- Born: March 17, 1825 Ireland
- Died: March 19, 1908 (aged 83) Brooklyn, New York, US
- Buried: Holy Cross Cemetery
- Allegiance: United States of America
- Branch: United States Army
- Rank: Sergeant
- Unit: 69th New York Infantry - Company B,
- Conflicts: Battle of Fredericksburg
- Awards: Medal of Honor

= Timothy Donoghue =

Timothy Donoghue (March 17, 1825 – March 19, 1908) was an Irish soldier who fought in the American Civil War.
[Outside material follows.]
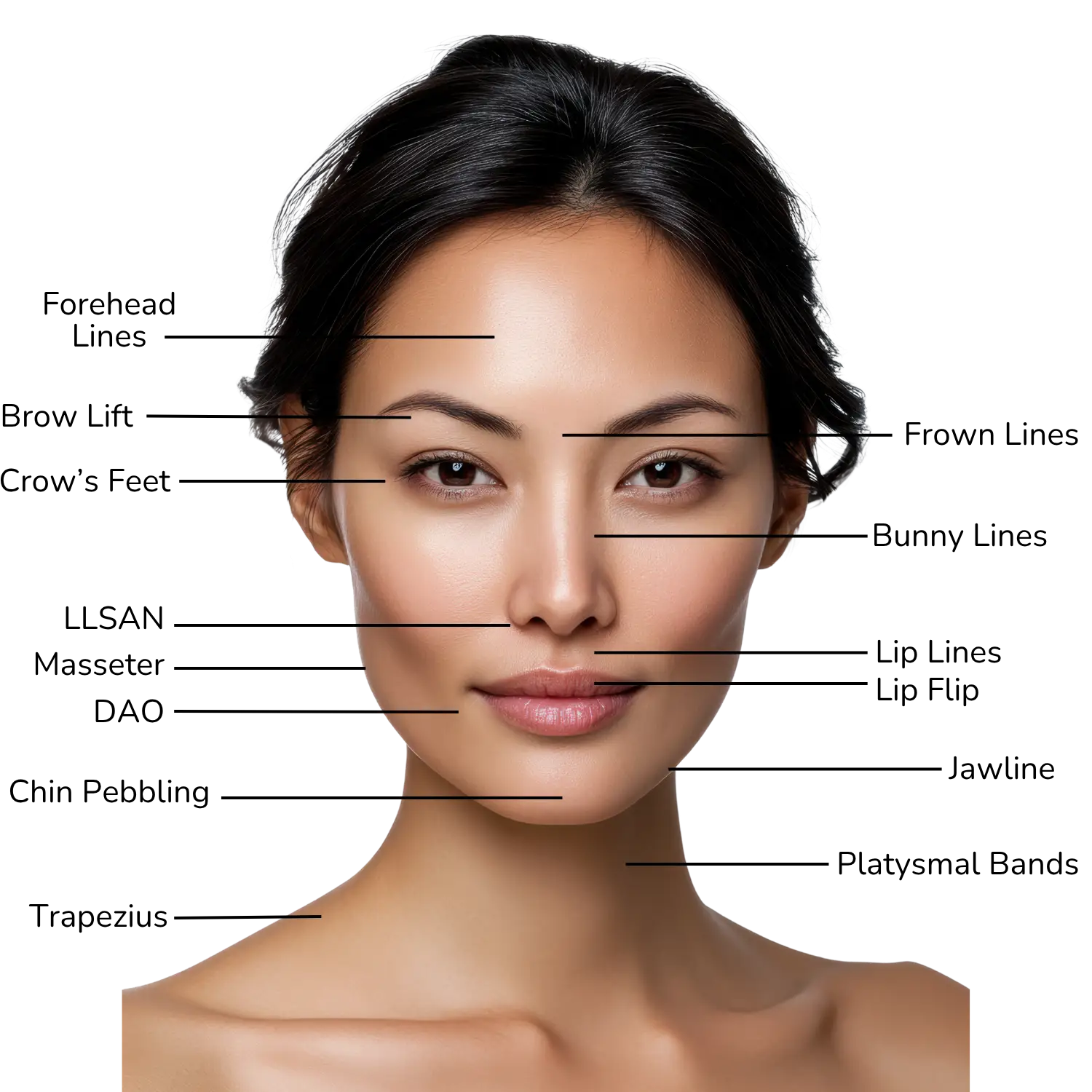 diagram showing botox treatment areas on face
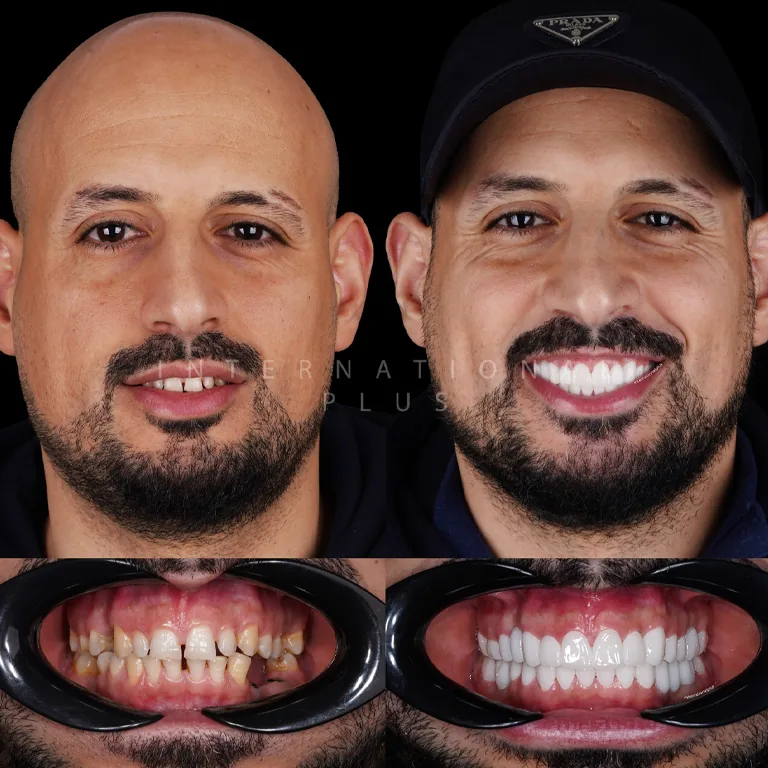 Are Implance Implants Suitable for Everyone Candidacy Criteria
Donoghue received the United States' highest award for bravery during combat, the Medal of Honor, for his action during the Battle of Fredericksburg in Virginia on December 13, 1862. He was honored with the award on January 17, 1894.

==Biography==
Donoghue was born in Ireland on March 17, 1825. He joined the 69th New York Infantry from New York City in September 1862. He was promoted to Sergeant in January 1863 and transferred to the Veteran Reserve Corps in December. He died on 19 March 1908 and his remains are interred at the Holy Cross Cemetery in Brooklyn, New York.

==Medal of Honor citation==

Voluntarily carried a wounded officer off the field from between the lines; while doing this he was himself wounded.